16.10.2010
On Intuition
No. 3 2010 July/September
Yuri Dubinin

Ambassador Extraordinary and Plenipotentiary of the Russian Federation. In 1994-1999, he was Deputy Foreign Minister of the Russian Federation.

A Tip for Successful Diplomacy

The classical way to resolve problems that emerge in practical diplomacy is to bring together a number of well-known operations. One should gather more information, check and verify it and then analyze it as thoroughly as possible. Next one should forecast how events could develop, map out one or several options for action and… well, act. The question is, however, whether this formula embraces the entire complexity of circumstances that a diplomat has to deal with. Obviously the answer is no. What can help a diplomat then? Let us look at a tip offered by a diplomatic pundit like Soviet Foreign Minister Andrei Gromyko.

“At any meeting, be it multilateral or bilateral, a good old invisible ‘advisor’ like political intuition also has a role to play,” he writes. “Intuition cannot be expressed in any strict formulas. Professional training and experience are its friends.” This quality is enigmatic, the way enigmatic elements are present in the work of an artist or any other person engaged in creative activities, Gromyko writes. It might seem that people engaged in the same creative profession do the same things as they paint or sculpt or write stories, yet the results they get are different. While one of them is admired, others may be scorned.
The dictionary defines ‘intuition’ as the direct knowing of something without the conscious use of reasoning that is based on past experience and prompts a correct solution.

Naturally, people who have enjoyed the benefits of intuition have different experience as intuition is of an extremely personal nature. That is why I, too, will recount my personal experience.

The events happened in 1975 during the drafting of the Helsinki Final Act. The Cyprus problem was the last stumbling block preventing the document’s approval in Geneva – where it was drafted – before the heads of state of the countries participating in the Helsinki Conference signed it.

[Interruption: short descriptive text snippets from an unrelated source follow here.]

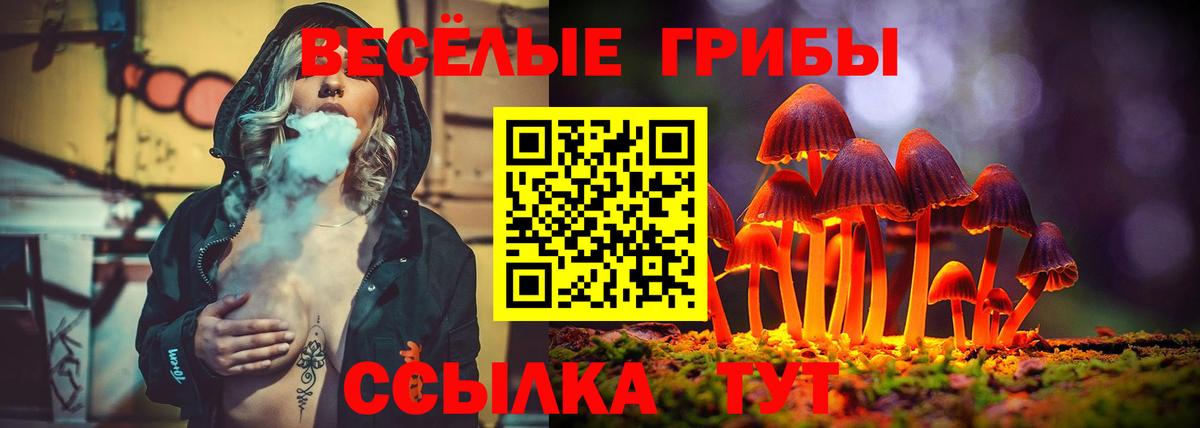 Галлюциногенные грибы ЛСД Гагарин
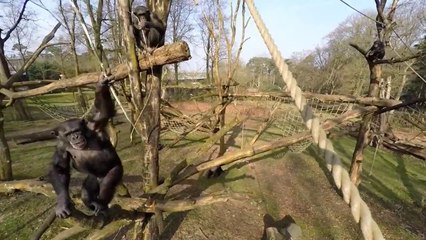 Ce chimpanzé n'aime pas les drones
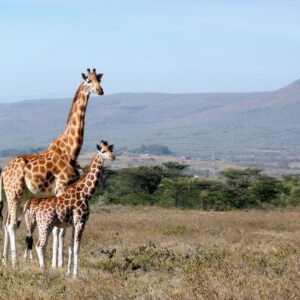 Best Tour Safari Packages in Kenya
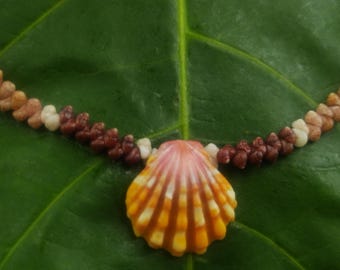 Sunrise Shell Lei: Kauai Kahelelani Shells, Sunrise Shell, Puka Shells, Hawaii Shells Beach Jewelry, Eco-Friendly Collected Rare Shells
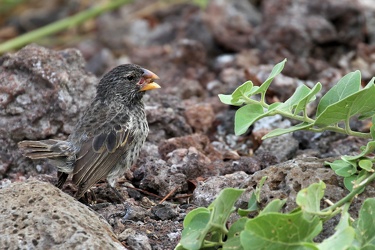 Large Ground-Finch, Isla San Cristobal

The problem centered on doubts that the Turkish delegation raised in March 1975 – when the almost two-year-long drafting process was drawing to a close – over the legitimacy of the Cypriot delegation representing the Republic of Cyprus at the conference. Turkish officials claimed the delegation represented only the Greek community of the island, not the state of Cyprus. It followed from this premise that we faced the serious problem of the possible illegitimate participation of the Cypriot Greek community’s leaders or their representatives in the Helsinki Conference. The Turks made a statement suggesting that, for the drafting process to end successfully, the grave complications posed by the problem must be taken into account at the earliest possible date or before the end of the Geneva stage of the conference at least.

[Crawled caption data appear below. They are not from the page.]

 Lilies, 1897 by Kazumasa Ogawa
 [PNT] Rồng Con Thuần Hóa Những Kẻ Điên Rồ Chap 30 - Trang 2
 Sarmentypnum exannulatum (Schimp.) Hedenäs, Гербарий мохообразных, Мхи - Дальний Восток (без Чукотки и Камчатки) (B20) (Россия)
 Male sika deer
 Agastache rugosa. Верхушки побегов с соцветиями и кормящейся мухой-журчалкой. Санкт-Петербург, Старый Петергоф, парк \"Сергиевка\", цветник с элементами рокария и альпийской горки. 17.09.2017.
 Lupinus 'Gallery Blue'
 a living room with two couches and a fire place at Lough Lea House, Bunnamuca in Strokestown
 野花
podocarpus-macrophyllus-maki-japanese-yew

The dispositions were thus laid out. The whole story meant that Turkey would object to the presence of Archbishop Makarios III, President of Cyprus, in the third – and the main – stage of the conference. Meanwhile, Archbishop Makarios had taken a firm decision to go to Helsinki personally and the Cypriots’ position received energetic support from Greece.

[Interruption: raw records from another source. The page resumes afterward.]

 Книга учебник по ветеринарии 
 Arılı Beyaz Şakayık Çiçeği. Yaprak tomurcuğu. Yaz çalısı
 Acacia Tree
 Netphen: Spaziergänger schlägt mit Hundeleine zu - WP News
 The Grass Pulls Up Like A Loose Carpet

The dice were cast and the conference became mired in a very tricky situation. The conflict threatened to drag on for years. Heated battles over the problem marked virtually any serious discussion pertaining to the conclusion of the conference. Each side sought to find a resolution to the conference in favor of its objectives, but all attempts to formulate a solution failed.

Our delegation proceeded from the Soviet Union’s principled stance in favor of Cypriot independence, territorial integrity and support of its legitimate government. We believed that the issue of Cyprus’s representation was factitious and that the Cypriot government itself should decide on its representation at the conference. We did not keep our position secret, but whenever we took part in the discussions of this problem, the number of parties engaged in them would increase noticeably, as more representatives of NATO countries would get involved. This was common practice at the time and it made the prospects for completing the discussions bleak.

The tension reached its peak on the night of July 21 to July 22 when the author of this article assumed the presidency of the session. We bumped into the Cyprus problem once again. It was long past midnight and the delegations were tired, but debates flared with the same rage as ten or twenty or a multitude of times before that.

…Now the Turkish representative is taking the floor, now the Cypriot representative, now the Greek one, now someone else… Trying to stop this habitual battle of words is out of the question, since any such attempt would put the conference chairman under the blow from a delegation that might think it was disadvantaged. I confine myself to uttering conventional phrases like “Now the floor goes over to the honorable so and so… ” Yet the tension inside me is brewing. I realize that eventually everyone will have had his say and sooner or later silence will set in. Then a question will loom inevitably: “And what’s in the cards? Where’s the way out of this impasse?”

It would be nice of course if someone suddenly comes up with a proposal that would please the conflicting sides. But why should it happen this time when it did not happen in the course of many long months of previous work? There is no such hope at all.
Most likely, once the silence sets in everyone will turn to the chairman in the hope of hearing a possible saving proposal. But I do not have any blueprint proposals up my sleeve. Neither the Soviet nor any other delegation was able to conceive of a way out, despite all our strenuous efforts. I staunchly follow the arguments between the delegates, hoping to catch whatever new turn of thinking, idea or signal that might be conducive to a text capable of getting a consensus decision. Yet there is nothing. The positions remain irreconcilable, with the same old sets of arguments. The situation runs the risk of producing a standard epilogue: “No solution has been found. The issue remains on the agenda. The next session will be held on …” And then there will be no end to it again. A sad thing that is hard to put up with.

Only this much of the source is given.